In this section I will be going over the ratio module as it stands of this writing. The modules contains basic tool functions like a greatest common divisor method, and all kinds of additional methods that I have found that I needed when making my orb.js module that prompted the creation of this module. The way that I made it is to just have the very simple object literal module pattern, this seems to work okay for this module at least as all the functions are pubic methods.
I start off the module with an object literal assigned to a single global variable called ratio. After that the first method that I have is a Greatest Common Divisor method that will find the highest number that can be used to divide two numbers to a whole number. This method is central to creating a simplified form of a set of numbers so that I have the ratio of that set of numbers. AFter the main GCD method I then have another method that will work with an array of numbers, rather than just two.
Do all the elements in the array that are not zero equal each other? This is an important step when it comes to finding the type of orb when it comes to my orb module. However I thought I would make it part of this module.
Count the number of elements in an array that are not zero, and return that value. This is yet another method that I might want to have at the ready now and then when it comes to the kind of projects that I might use it in. Of course to know for sure I will need to work more on those kinds of projects to find out of I really need this, or I am just waisting time adding features that I think I will need.
Is the given array a binary array or not, that is of the array is compose of elements that are 0 and 1 return true, else return false. One might think that making a method like this would be pretty easy, and it is, but there are a few situations in which one might get unexpected results. So for my method that does this I went with parseInt rather than the Number method to make sure that an element values is converted to a number before being compared to 0 or 1 literals with the identity operator. I also make sure that the method returns false right away for an empty array, by not doing so I would get a false positive for that kind of value.
The method seems to pass all tests that I would expect it to pass, but it might still not work as expected for some values.
This one helps me to get the simple ratio of a set of numbers. The process of doing so with this method uses the all non zero equal method to fist check if all the elements other than zero equal each other or not. If this is the case then the result should just be 1 for any and all non zero elements and that is it. In my orb.js module orbs that have these kinds of rations are treated as certain kinds of special types compared to orbs that have rations that are not in this kind of form.
In the event that one or more non zero elements do not equal all other non zero elements then the GCD from array method is used to get what the ratio should be for the set of numbers.
There is taking a simple ratio like 2,2,0,1 and then passing a number like 2 to get a result like 4,4,0,2. That would be the expected result if the set base was something like 1, but it would also be nice to have a simple method where I can change what the base is.

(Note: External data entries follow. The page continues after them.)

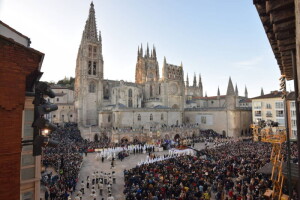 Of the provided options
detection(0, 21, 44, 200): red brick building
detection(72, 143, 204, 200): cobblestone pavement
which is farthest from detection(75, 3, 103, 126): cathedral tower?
detection(0, 21, 44, 200): red brick building

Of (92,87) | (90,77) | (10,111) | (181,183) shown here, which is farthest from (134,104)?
(10,111)

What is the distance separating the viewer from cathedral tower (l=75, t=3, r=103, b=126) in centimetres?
5282

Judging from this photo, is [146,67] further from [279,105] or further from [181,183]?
[181,183]

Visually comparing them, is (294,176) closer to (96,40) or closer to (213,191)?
(213,191)

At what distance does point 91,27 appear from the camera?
58.8 m

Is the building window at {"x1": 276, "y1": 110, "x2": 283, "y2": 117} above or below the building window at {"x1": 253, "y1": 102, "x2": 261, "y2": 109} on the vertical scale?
below

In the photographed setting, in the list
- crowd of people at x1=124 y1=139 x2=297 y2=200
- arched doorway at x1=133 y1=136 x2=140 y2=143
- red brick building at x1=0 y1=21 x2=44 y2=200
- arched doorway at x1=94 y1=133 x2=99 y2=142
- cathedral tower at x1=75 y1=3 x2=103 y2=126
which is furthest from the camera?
cathedral tower at x1=75 y1=3 x2=103 y2=126

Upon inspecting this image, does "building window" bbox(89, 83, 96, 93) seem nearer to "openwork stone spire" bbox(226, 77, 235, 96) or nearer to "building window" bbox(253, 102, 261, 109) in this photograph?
"openwork stone spire" bbox(226, 77, 235, 96)

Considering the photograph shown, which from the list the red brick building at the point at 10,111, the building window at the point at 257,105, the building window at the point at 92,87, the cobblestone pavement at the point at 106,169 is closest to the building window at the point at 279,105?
the building window at the point at 257,105

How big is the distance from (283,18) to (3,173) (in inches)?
248

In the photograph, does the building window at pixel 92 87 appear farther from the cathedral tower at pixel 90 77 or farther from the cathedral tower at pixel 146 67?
the cathedral tower at pixel 146 67

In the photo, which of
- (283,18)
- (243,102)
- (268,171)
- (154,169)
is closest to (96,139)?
(154,169)

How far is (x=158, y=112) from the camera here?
53.8m

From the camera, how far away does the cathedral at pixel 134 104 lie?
4862cm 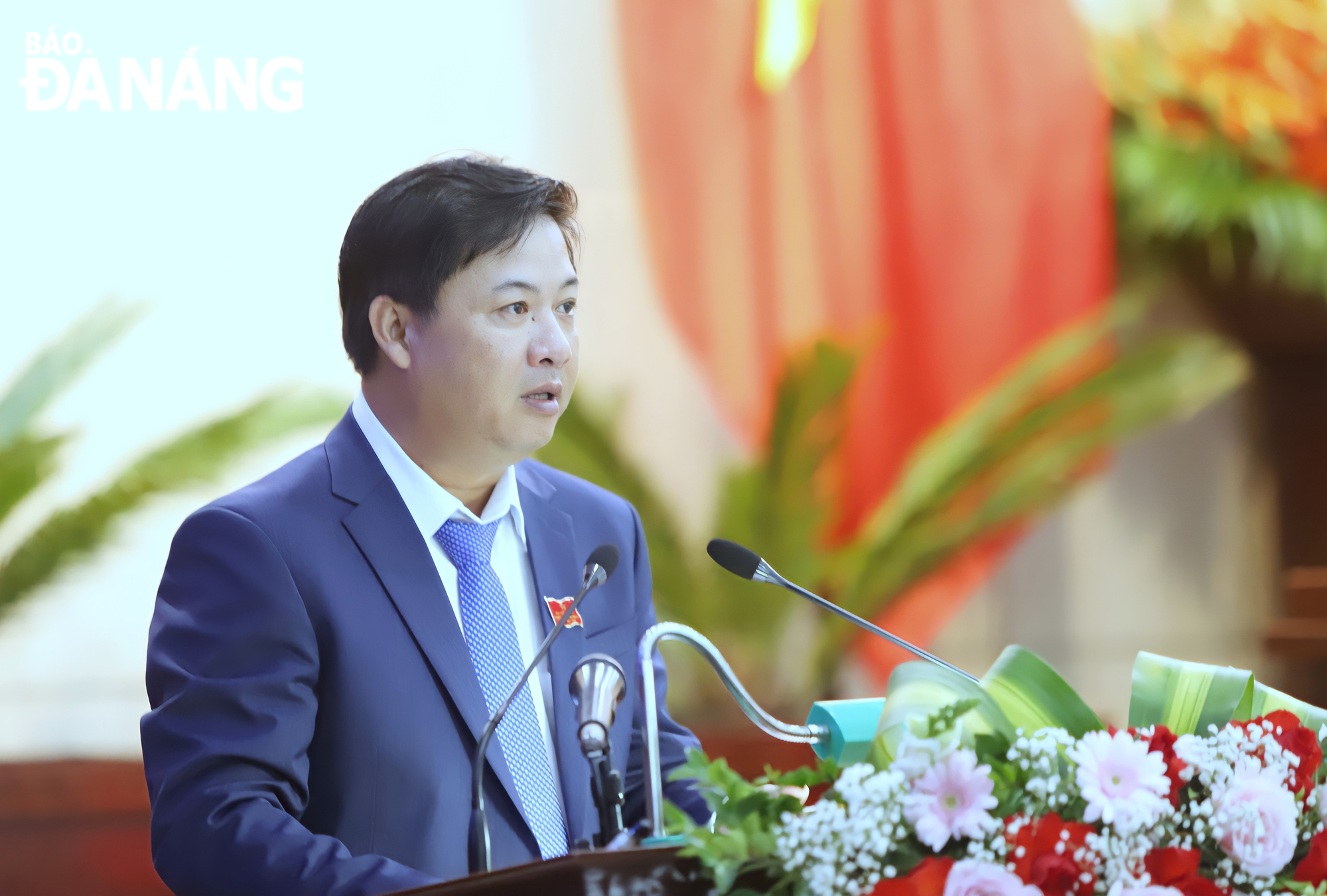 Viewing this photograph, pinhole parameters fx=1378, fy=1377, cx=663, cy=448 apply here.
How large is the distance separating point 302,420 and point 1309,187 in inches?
191

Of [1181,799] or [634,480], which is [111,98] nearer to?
[634,480]

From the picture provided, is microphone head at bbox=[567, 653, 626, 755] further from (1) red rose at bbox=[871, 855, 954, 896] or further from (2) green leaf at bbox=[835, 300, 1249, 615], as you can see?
(2) green leaf at bbox=[835, 300, 1249, 615]

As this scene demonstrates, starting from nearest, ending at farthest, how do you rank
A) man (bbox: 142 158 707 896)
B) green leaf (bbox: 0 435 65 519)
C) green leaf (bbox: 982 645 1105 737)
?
1. green leaf (bbox: 982 645 1105 737)
2. man (bbox: 142 158 707 896)
3. green leaf (bbox: 0 435 65 519)

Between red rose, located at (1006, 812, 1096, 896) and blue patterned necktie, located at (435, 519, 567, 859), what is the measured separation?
3.34 ft

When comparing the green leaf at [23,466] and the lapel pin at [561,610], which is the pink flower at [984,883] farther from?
the green leaf at [23,466]

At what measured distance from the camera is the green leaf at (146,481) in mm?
5316

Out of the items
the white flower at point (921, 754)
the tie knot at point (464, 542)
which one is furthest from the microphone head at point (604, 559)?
the white flower at point (921, 754)

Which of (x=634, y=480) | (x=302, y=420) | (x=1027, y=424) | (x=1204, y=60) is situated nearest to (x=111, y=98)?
(x=302, y=420)

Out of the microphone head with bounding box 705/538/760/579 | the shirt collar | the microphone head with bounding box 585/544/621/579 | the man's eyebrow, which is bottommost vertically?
the microphone head with bounding box 705/538/760/579

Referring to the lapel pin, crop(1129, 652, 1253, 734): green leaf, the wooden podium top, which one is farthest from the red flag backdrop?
the wooden podium top

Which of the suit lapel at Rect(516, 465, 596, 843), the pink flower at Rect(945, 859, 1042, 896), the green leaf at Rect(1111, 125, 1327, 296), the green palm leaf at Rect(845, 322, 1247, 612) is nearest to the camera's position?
the pink flower at Rect(945, 859, 1042, 896)

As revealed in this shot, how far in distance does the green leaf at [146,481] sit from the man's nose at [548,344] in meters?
3.64

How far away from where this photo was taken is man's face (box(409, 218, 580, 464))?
216 cm

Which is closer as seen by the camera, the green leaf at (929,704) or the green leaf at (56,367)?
the green leaf at (929,704) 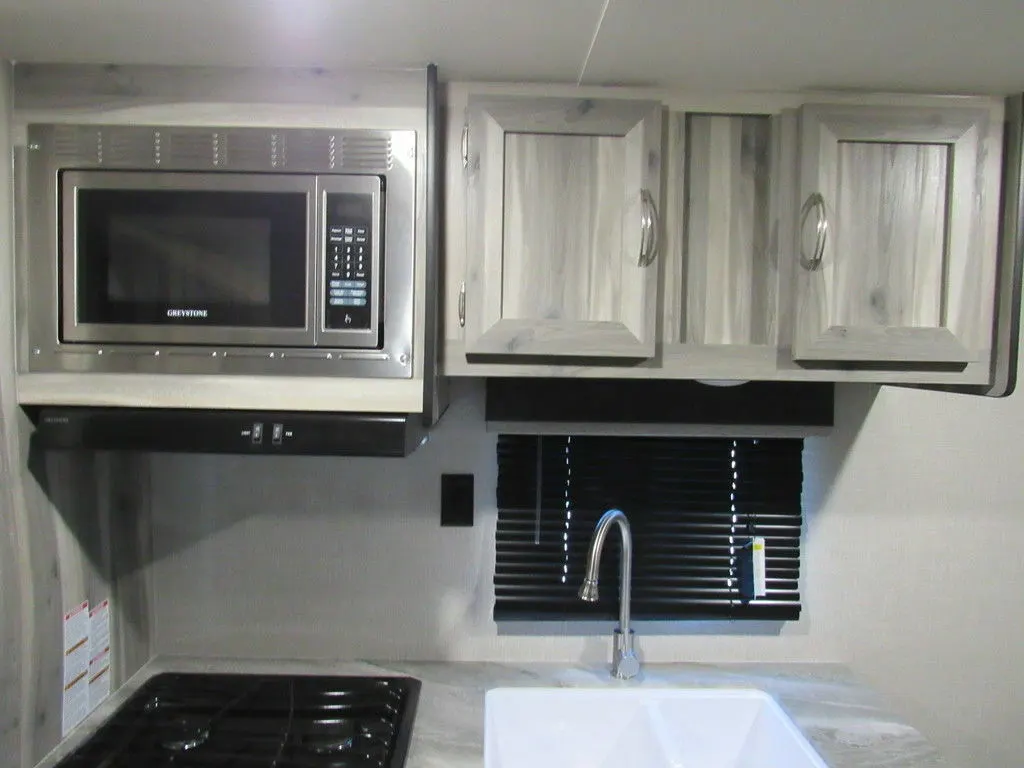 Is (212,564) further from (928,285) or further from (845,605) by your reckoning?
(928,285)

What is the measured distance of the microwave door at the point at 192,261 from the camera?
4.09ft

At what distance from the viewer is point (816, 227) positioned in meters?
1.30

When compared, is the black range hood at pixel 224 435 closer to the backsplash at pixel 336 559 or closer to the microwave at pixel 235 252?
the microwave at pixel 235 252

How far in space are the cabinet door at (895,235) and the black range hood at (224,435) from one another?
2.59 feet

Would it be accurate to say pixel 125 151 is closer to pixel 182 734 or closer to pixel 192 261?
pixel 192 261

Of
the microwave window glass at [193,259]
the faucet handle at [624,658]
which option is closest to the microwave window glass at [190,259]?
the microwave window glass at [193,259]

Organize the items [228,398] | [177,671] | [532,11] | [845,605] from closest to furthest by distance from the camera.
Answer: [532,11], [228,398], [177,671], [845,605]

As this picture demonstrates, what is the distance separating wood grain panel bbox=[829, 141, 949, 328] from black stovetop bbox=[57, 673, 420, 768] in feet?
3.84

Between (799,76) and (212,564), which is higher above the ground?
(799,76)

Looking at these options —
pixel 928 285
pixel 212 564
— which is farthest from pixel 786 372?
pixel 212 564

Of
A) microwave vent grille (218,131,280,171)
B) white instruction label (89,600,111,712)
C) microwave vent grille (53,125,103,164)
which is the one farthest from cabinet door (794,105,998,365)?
white instruction label (89,600,111,712)

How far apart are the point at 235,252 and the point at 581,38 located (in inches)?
26.9

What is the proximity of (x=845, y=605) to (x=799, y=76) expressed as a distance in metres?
1.22

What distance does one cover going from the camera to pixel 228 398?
4.11 feet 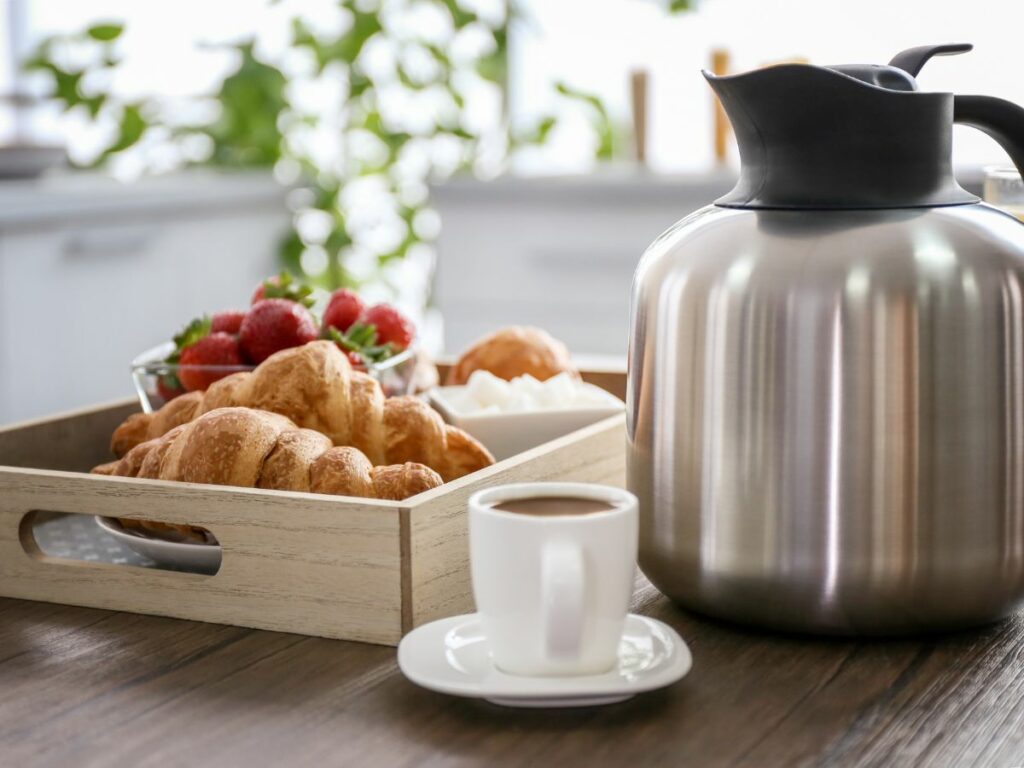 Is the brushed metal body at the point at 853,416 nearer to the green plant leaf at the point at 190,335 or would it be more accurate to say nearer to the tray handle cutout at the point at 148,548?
the tray handle cutout at the point at 148,548

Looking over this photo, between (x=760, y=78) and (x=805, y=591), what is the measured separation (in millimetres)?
274

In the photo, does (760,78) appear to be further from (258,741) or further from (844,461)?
(258,741)

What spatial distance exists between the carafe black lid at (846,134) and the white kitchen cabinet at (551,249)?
1.98 metres

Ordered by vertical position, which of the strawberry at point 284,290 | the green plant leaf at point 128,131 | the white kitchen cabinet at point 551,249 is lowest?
the white kitchen cabinet at point 551,249

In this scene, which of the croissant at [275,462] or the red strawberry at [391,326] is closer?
the croissant at [275,462]

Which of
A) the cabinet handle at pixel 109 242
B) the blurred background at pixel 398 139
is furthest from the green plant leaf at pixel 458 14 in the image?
the cabinet handle at pixel 109 242

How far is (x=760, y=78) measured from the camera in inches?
26.9

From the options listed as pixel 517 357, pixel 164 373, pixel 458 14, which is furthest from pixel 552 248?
pixel 164 373

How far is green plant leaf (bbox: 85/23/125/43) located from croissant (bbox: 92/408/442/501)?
8.70ft

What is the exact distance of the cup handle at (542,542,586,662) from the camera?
56 centimetres

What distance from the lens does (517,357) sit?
46.1 inches

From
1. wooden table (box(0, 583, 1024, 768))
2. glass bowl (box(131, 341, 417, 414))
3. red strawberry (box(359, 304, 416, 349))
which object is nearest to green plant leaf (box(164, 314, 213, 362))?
glass bowl (box(131, 341, 417, 414))

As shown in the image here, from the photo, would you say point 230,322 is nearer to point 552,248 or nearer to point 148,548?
point 148,548

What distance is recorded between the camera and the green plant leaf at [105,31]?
10.4 ft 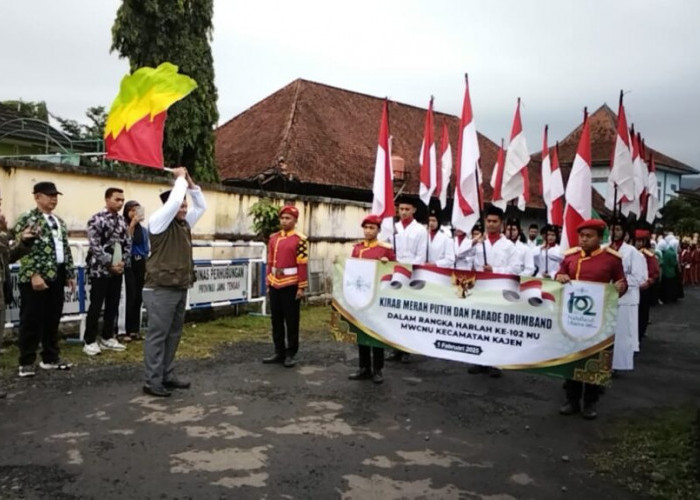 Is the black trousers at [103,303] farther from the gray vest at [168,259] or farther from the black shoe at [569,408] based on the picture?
the black shoe at [569,408]

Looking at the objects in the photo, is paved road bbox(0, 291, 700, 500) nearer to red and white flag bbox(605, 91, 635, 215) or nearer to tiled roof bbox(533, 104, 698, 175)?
red and white flag bbox(605, 91, 635, 215)

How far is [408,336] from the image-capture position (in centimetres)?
625

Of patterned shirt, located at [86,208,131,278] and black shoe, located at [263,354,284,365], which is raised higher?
patterned shirt, located at [86,208,131,278]

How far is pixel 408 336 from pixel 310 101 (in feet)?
60.3

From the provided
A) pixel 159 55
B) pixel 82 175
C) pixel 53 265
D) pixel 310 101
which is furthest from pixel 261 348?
pixel 310 101

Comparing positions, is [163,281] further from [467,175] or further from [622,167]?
[622,167]

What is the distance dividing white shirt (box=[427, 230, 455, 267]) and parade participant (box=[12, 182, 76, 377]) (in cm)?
443

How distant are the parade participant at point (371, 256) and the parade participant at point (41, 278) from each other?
10.1ft

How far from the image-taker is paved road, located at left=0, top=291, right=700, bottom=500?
389 centimetres

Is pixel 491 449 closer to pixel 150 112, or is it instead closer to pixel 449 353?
pixel 449 353

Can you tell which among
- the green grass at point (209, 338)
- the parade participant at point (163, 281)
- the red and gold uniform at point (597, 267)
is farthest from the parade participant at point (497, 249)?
the parade participant at point (163, 281)

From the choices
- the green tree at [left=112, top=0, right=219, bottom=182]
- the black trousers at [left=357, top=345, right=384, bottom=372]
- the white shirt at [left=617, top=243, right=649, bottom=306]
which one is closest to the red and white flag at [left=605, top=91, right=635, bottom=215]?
the white shirt at [left=617, top=243, right=649, bottom=306]

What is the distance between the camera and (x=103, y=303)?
7.84 m

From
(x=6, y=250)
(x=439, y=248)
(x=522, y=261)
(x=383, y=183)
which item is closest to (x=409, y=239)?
(x=439, y=248) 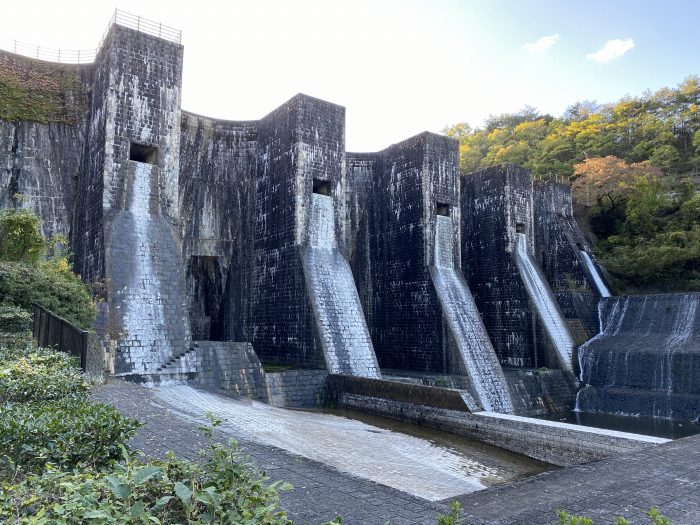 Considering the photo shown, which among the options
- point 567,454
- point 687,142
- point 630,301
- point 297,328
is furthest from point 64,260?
point 687,142

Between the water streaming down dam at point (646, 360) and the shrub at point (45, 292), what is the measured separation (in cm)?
1344

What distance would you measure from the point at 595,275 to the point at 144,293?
15954mm

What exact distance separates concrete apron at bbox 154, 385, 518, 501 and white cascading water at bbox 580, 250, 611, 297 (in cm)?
1284

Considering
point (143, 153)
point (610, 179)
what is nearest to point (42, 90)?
point (143, 153)

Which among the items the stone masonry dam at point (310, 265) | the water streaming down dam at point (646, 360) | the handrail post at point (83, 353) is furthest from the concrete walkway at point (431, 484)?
the water streaming down dam at point (646, 360)

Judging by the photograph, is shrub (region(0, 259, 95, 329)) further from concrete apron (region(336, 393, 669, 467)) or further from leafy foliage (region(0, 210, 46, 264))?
concrete apron (region(336, 393, 669, 467))

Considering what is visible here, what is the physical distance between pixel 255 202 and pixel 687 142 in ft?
80.9

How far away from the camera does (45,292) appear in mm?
8484

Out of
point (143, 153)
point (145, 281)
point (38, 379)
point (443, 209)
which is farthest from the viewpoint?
point (443, 209)

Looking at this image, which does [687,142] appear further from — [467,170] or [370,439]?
[370,439]

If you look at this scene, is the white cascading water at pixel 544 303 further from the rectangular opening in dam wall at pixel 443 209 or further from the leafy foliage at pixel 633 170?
the leafy foliage at pixel 633 170

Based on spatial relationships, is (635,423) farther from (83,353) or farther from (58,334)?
(58,334)

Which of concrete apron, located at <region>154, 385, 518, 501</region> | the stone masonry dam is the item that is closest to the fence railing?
concrete apron, located at <region>154, 385, 518, 501</region>

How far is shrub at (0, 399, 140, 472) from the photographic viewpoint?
3.32 meters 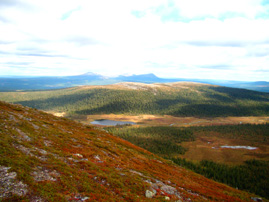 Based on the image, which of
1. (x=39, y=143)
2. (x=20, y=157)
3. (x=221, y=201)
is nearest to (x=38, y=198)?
(x=20, y=157)

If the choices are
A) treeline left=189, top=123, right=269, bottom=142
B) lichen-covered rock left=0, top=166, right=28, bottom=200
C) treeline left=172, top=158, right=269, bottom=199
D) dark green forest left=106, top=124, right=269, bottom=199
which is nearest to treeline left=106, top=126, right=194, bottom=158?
dark green forest left=106, top=124, right=269, bottom=199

I might want to have a function where I can base an array of numbers, alone with a base, and the result will be the number of times that simple ratio of that set of numbers is raised with the given base. For example if I pass the method a set of numbers like 4,4,0,2 with a base of 1 the returned result should be 2. The reason why would be that the simple ratio of 2,2,0,1 multiplied two times would be 4,4,0,2
This is a method that will just return a sum of all the elements of the ratio or set of points. I have not run into many used case example where I would need to use this method, but I thought it was just another method that I should have at the ready when it comes to using this module in some actual projects.